Interiors advice - Foreign influences can give your home its own individual style

PUBLISHED: 09:41 23 April 2013 | UPDATED: 09:41 23 April 2013

Foreign influences

Foreign influences


Foreign influences can give your home its own individual style, says Justine Kirkham head of design at James Brindley

Interior design inspiration can come from anywhere – a vintage market in Milan, backpacking trip through Asia or a table setting at a Parisian café. We’ve opened our hearts and minds to cultures full of intense colours, complex patterns and wonderful textures.

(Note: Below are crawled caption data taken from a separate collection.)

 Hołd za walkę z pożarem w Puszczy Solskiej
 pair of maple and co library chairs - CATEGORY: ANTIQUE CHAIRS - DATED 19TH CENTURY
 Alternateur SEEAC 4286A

Incorporating some of them into the design of your home can be done in many ways from a feature wall or new wallpaper to a statement piece of furniture or a scattering of accessories. Too much and you run the risk of your home looking over themed instead of tasteful and interesting.

One of the simplest ways to add an international flavour is with wallpaper. Modern designs offer an exciting array of styles, colours, textures and designs, most effective in unexpected areas.

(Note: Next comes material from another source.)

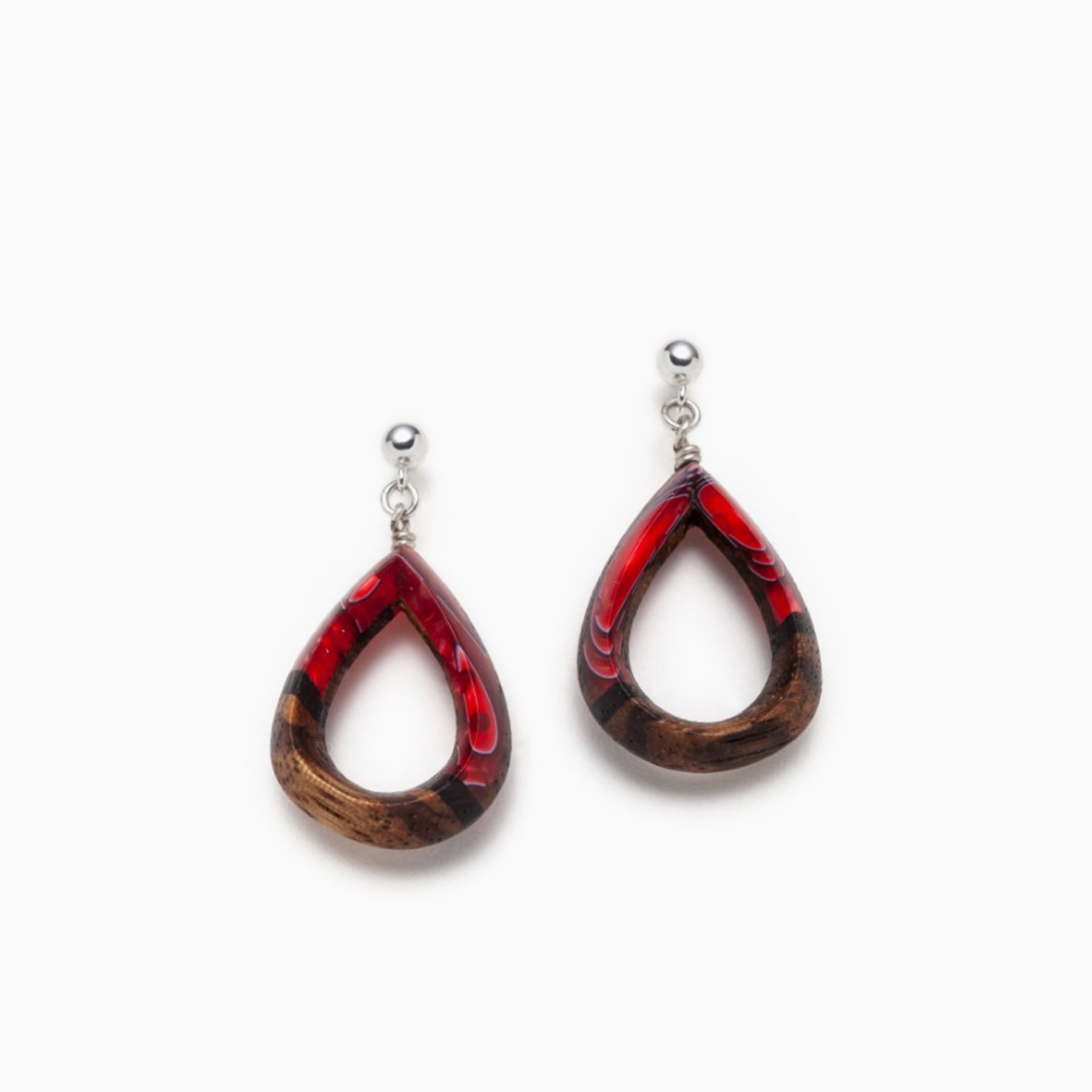 Collier et boucles d'oreilles artisanal femme en pierres et perles multicolores main image 1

For example, Zoffany’s column print wallpaper can give a Roman feel to a room otherwise filled with classical fabrics and a neutral palette.

The typical Italian and French inspired interior is sophisticated and classical, but can vary between country and urban designs. The country French look is natural and organic, whereas Parisian influences are glamorous and opulent. Indian influenced designs are warm and earthy, with exotic appeal, offering a magical, mystical look through the use of harmonising colours.

Arabian and ethnic designs are a magnificent blend of rich, vibrant tones and complex patterns. Alternatively, Japanese influenced schemes are simplistic and streamlined in layout and finishes, defining most modern day minimalist interiors.

Choosing an interior design theme inspired by places you’ve been or yearn to visit will reflect your individual style, as well as your memories or your passions. It’s the perfect opportunity to create a look that someone who knew you well would say was ‘definitely you’.